Image-text web data

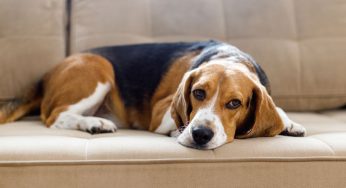 Questo è il chiaro segnale che un cane sta per morire
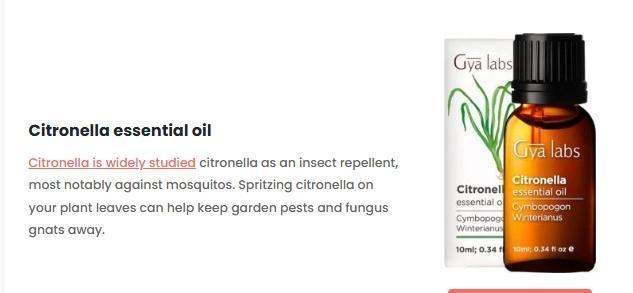 Runtz Mintz Cream by SnowShoe Joe. Week 2 - There's more next week. Look back if your interested.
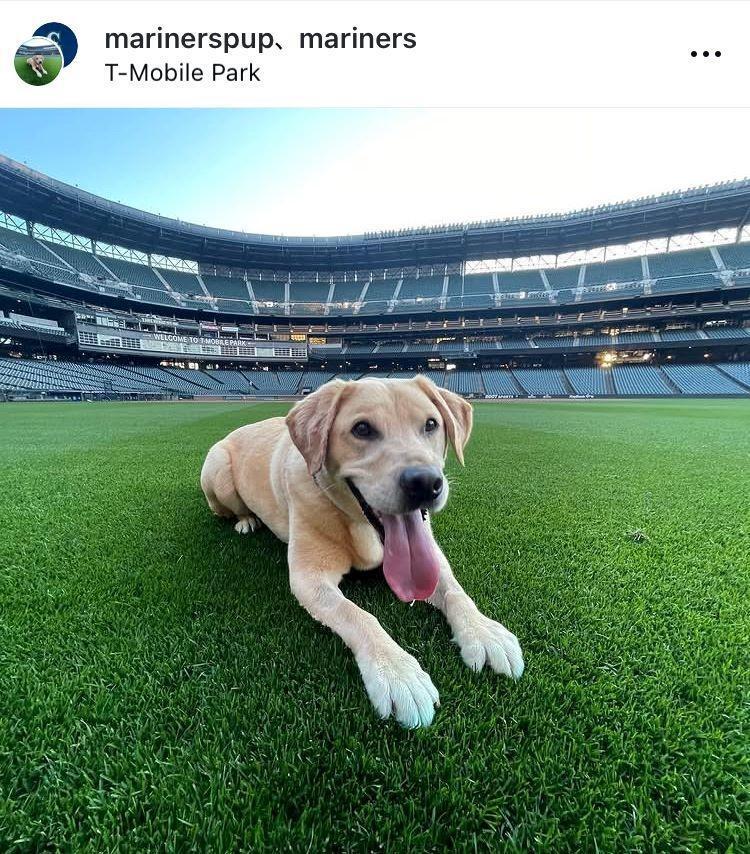 マリナーズのクラブハウス犬・タッカーのインスタグラム（ｍａｒｉｎｅｒｓｐｕｐ）より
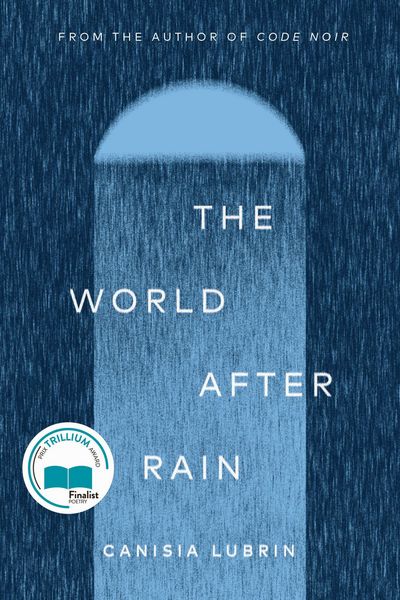 Produktbild: Lubrin, C: World After Rain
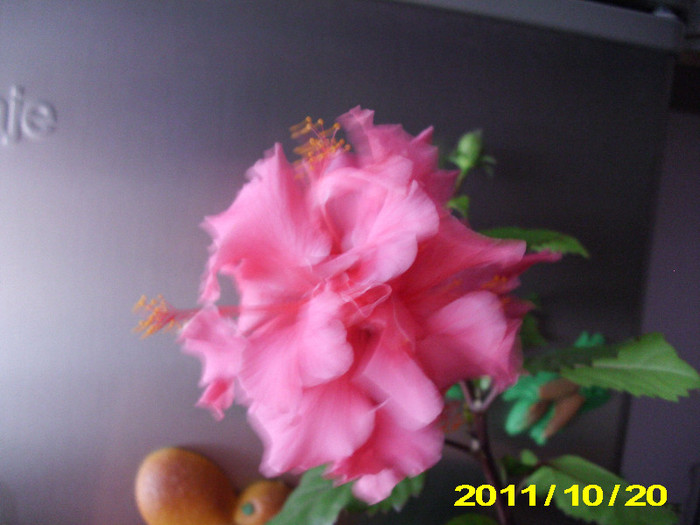 Picture 003 - hibiscus
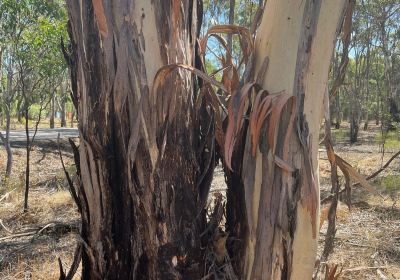 Heathcote-Graytown National Park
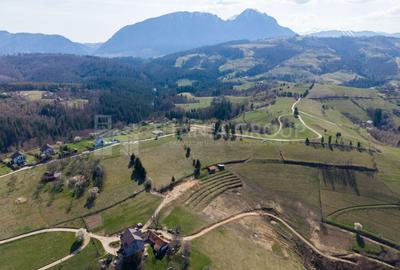 🌿 Teren Intravilan 3.791 mp | Priveliște Panoramică Superbă | Poiana Mărului - 25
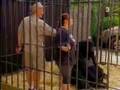 Gorilla Attack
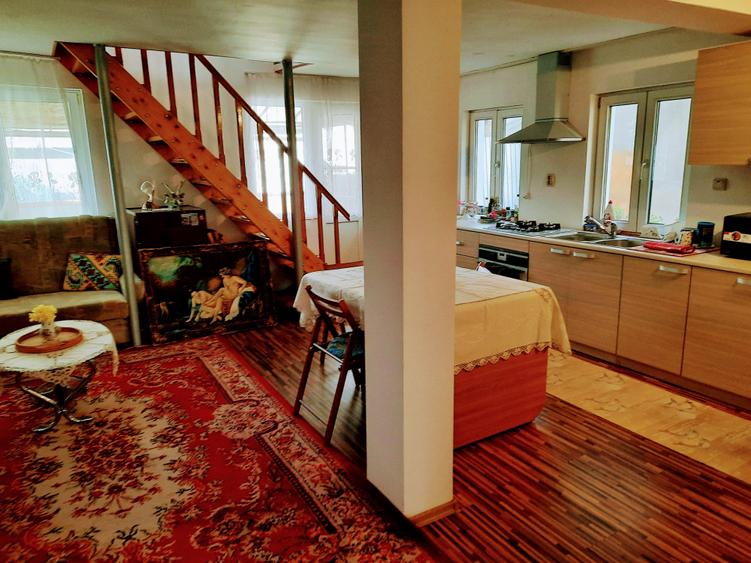 Ilia, proprietate deosebita - 5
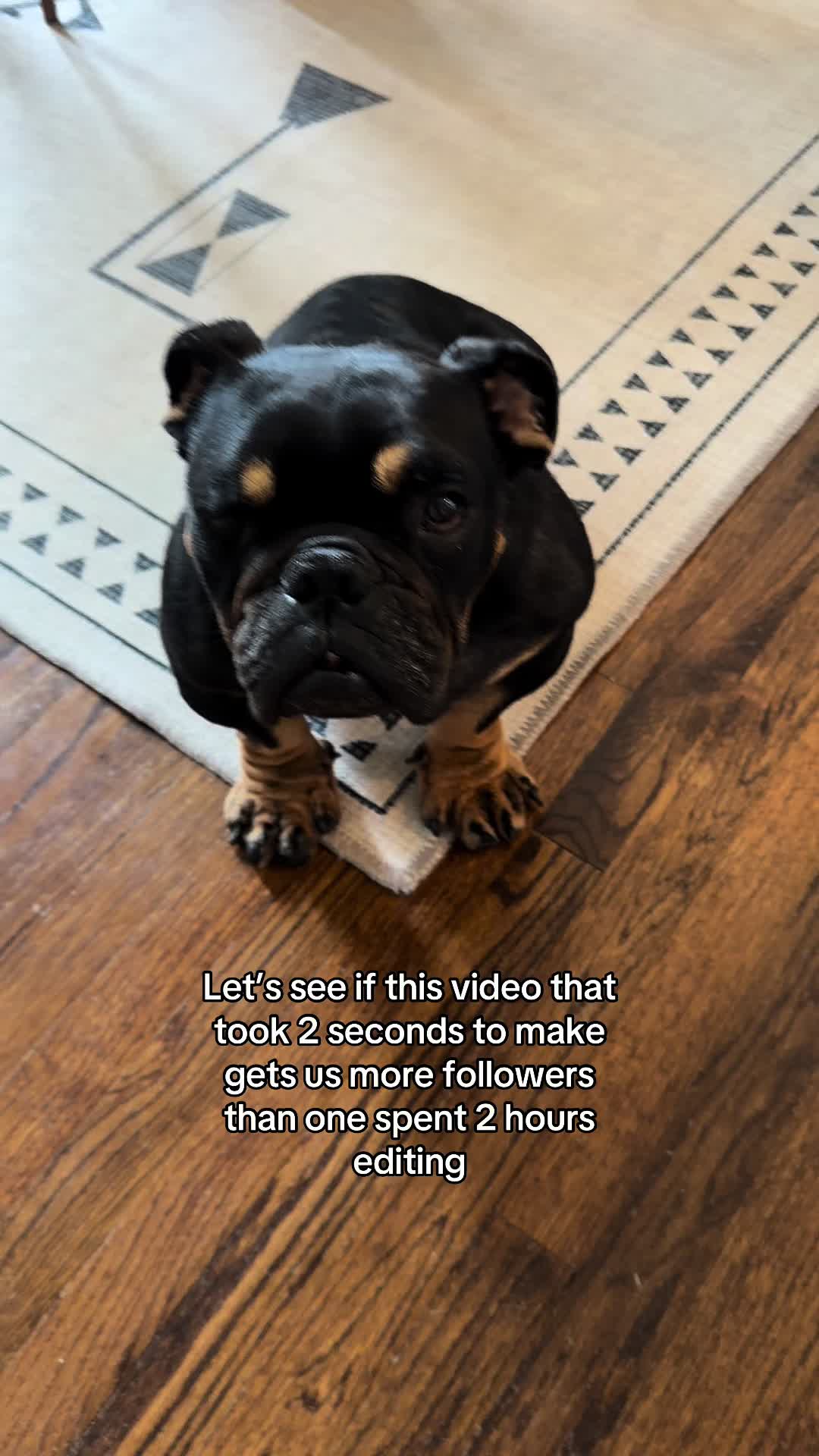 @Poptart The Bulldog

→ **TASK DIRECTIONS**: Would you write out exactly the lines of the data from the one holding "マリナーズのクラブハウス犬・" to the final line, both included, with pictures left out?

→ **EXERCISE RESPONSE**:
 マリナーズのクラブハウス犬・タッカーのインスタグラム（ｍａｒｉｎｅｒｓｐｕｐ）より
 Produktbild: Lubrin, C: World After Rain
 Picture 003 - hibiscus
 Heathcote-Graytown National Park
 🌿 Teren Intravilan 3.791 mp | Priveliște Panoramică Superbă | Poiana Mărului - 25
 Gorilla Attack
 Ilia, proprietate deosebita - 5
 @Poptart The Bulldog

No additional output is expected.